Rabu, 10 Juli 2013

Antara Tukang Parkir dan Guru Pengabdian

Seorang Guru Pengabdian bertitel sarjana, menyelesaikan studinya bertahun-tahun lamanya. Pengorbanan yang tak sedikit ia berikan untuk gapai cita. Dengan harapan bisa merajut asa. Namun, apa yang mau dikata, ketika lulus kuliah harus mengabdi di SD atau SMP dengan gaji per bulan berkisar Rp.75.000, 100.000, 150.000, 200.000 dst. Gaji yang mungkin untuk biaya transport saja tidak cukup. Memang benar, apa kata Dr. Adian Husaini bahwa seorang guru itu tidak selayaknya hanya mau mengajar ketika ada bayaran. Namun, beliau juga menyampaikan bahwa seorang Guru itu berhak mendapatkan kehormatan (“honor”) yang layak[1]. Belum lagi dengan gaji sebesar itu tanggung jawab yang dibebankan tidak sebanding dengan upah yang didapat. Belum lagi dimarahi Kepala Sekolah, dikomplain orangtua siswa dsb.

Lha, kaitannya dengan tukang parkir apa Mas? Coba tengok sederetan tukang parkir (bukan jasa titipan sepeda motor) di depan pelataran kios maupun toko. Bermodal peluit sambil melambaikan tangan bak Polantas. Menarik upah parkir Rp. 1000 untuk motor dan Rp. 2000 untuk mobil. Tidak perlu diklat apalagi sekolah khusus untuk menekuni profesi ini. Tidak pandang bulu ketika menarik “pajak” dari setiap kendaraan yang mangkal didepannya. Entah cuman fotocopy doang 2 lembar Rp.500 dikompas sama tukang parkir Rp. 1000. Lebih mahal biaya parkirnya daripada biaya fotocopy. Belum lagi jika keperluan kita untuk berpindah dari satu kios ke kios lainnya. Sudah pasti duit kita bakalan berkurang banyak diminta sama tukang parkir. Sebenarnya bukan mempermasalahkan keberadaan tukang parkir. Bahkan, tukang parkir sangat membantu dalam kondisi-kondisi tertentu. Tapi, yang jadi soal adalah kelakuannya yang kadang tidak melihat kondisi orang yang parkir. Hal ini, mungkin akan terasa membebani bagi sebagian orang yang berpenghasilan dibawah 1 juta, tinggal dikota dan dengan tingkat mobilitas tinggi yang harus sliweran parkir kesana kemari. Saya sering numpang mobil orang, bahkan tiap hari untuk menemani belanja.
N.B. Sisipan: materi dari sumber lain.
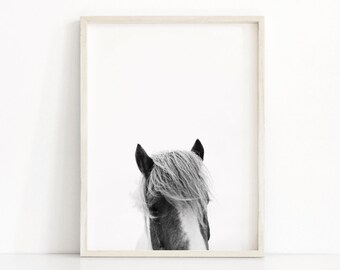 Black and white horse Print, Horse Photography Print, Large Wall Art Print, Bedroom Decor, Horse printable art, Wild horse print photo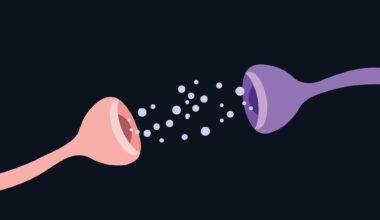 Study: Brain activity associated with breakthrough food preoccupation in an individual on tirzepatide. Image Credit: Chandan Tripathy / Shutterstock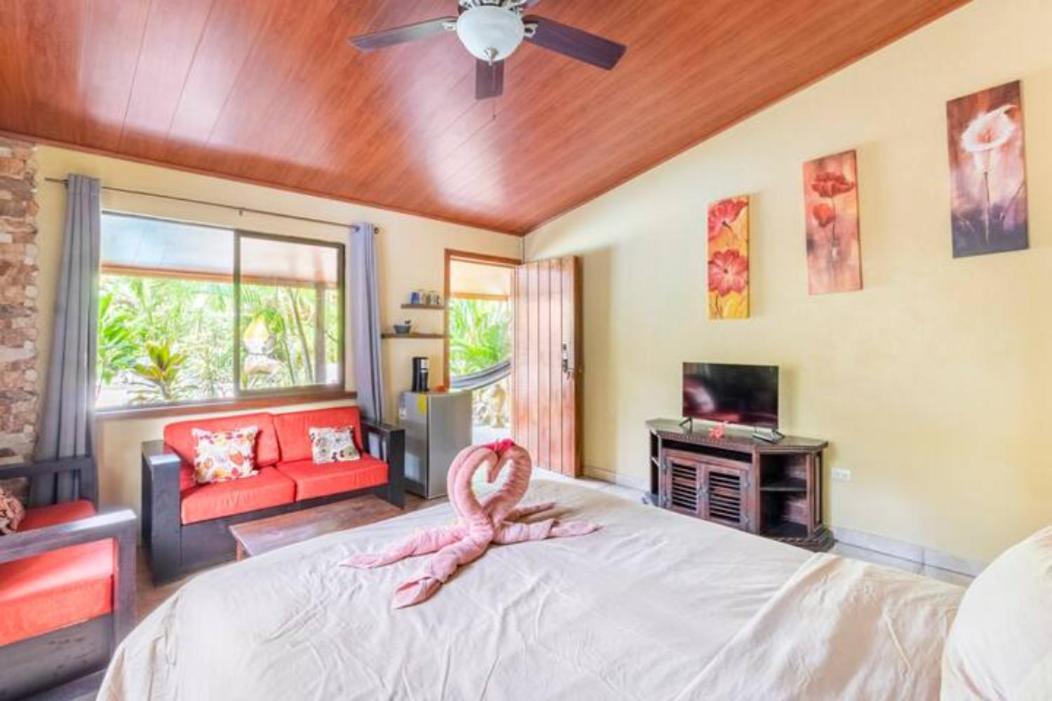 Casa Caribbean Coconut 호텔 까위따 외부 사진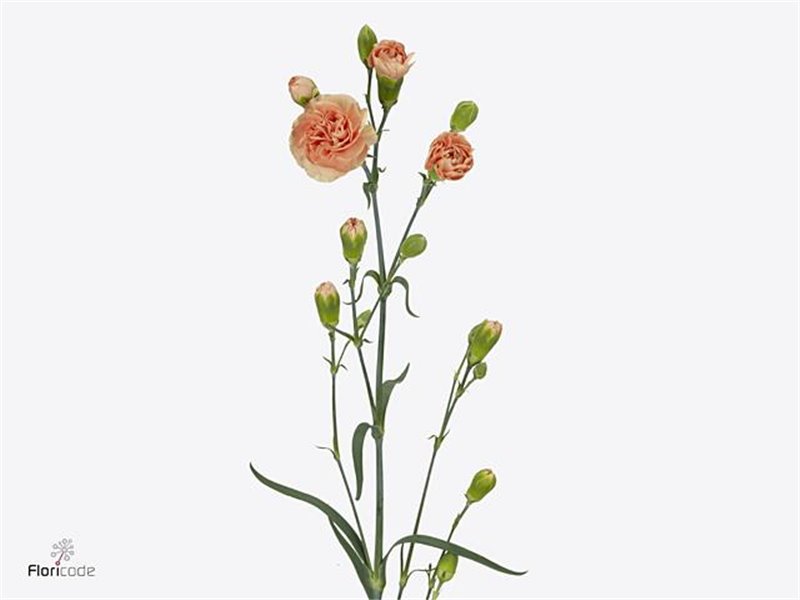 Nagelj Hollands Kamilly c1917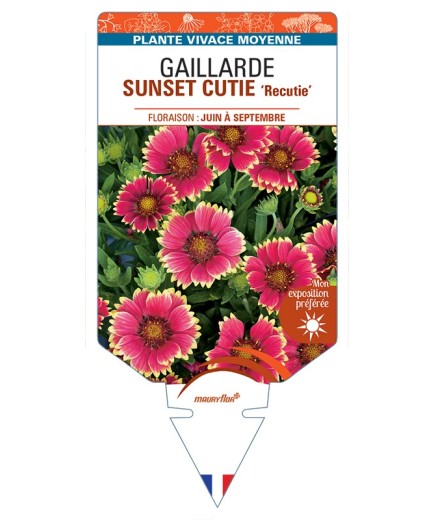 GAILLARDIA SUNSET CUTIE Recutie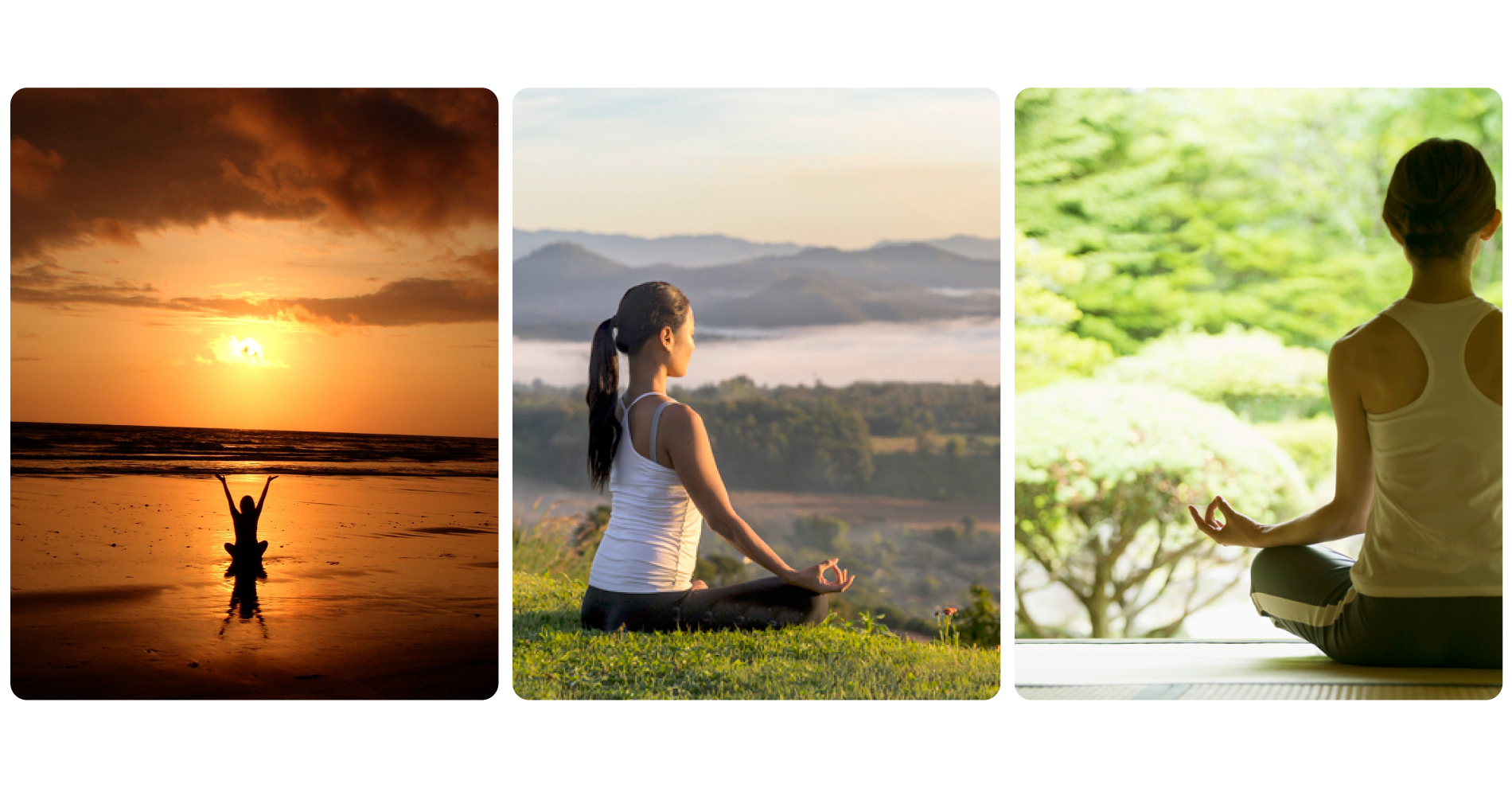 健康マインドフルネス協会のマインドフルネス瞑想と脳科学の知識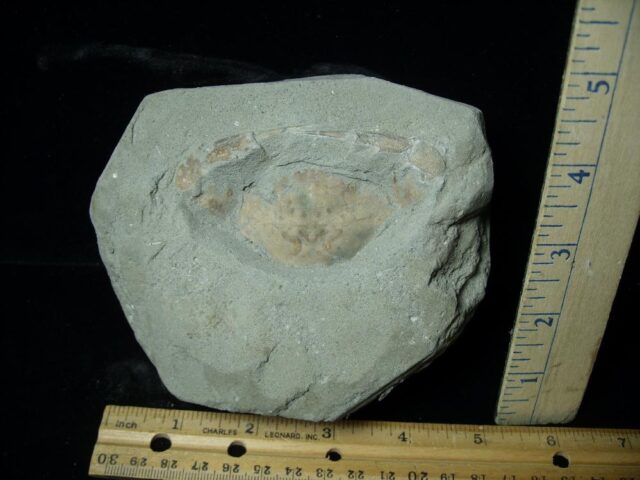 Fossil Crab (021323c)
Entah, cuman beli susu Rp. 7000 kena parkir Rp.2000, dikasih Rp. 1000 ngomel-ngomel. Nemenin beli makan, parkir rada jauh dari warung ditempat kosong dengan kondisi jalan sepi, masih saja dikejar tukang parkir. Bisa jadi kalau seharian bawa mobil muter-muter kota, duit bisa habis hanya untuk menafkahi tukang parkir. Andaikan Si Tukang Parkir dari pagi sampai sore nilang 100 motor dan 30 mobil, dia sudah mengantongi untung bersih Rp. 160.000. Lho, koq untung bersih sih Mas? Koq, ga pendapatan hari ini dikurangi modal? Lha, sekarang modal tukang parkir apa Dek? Wong, cuman sumpritan (bhs.jawa). Bayangkan sekarang dengan teman-teman Pedjoeang Para Goeroe Pengabdian di Pelosok-pelosok Bumi Indonesia dengan gaji sebulan yang setara dengan penghasilan sehari Si Tukang Parkir yang tidak perlu sekolah apalagi kuliah.

Boleh jadi Anda tidak setuju dengan paparan diatas dan menganggap terlalu berlebihan atau kasuistik. Ga’ masalah, silakan Anda berpendapat. Karena negara melindungi setiap warganya untuk berserikat, berkumpul dan berpendapat.

Salam damai Indonesia, sukses selalu.


Footnote:
[1] Dr. Adian Husaini, Prestasi dan Tantangan Pendidikan Islam, 2013.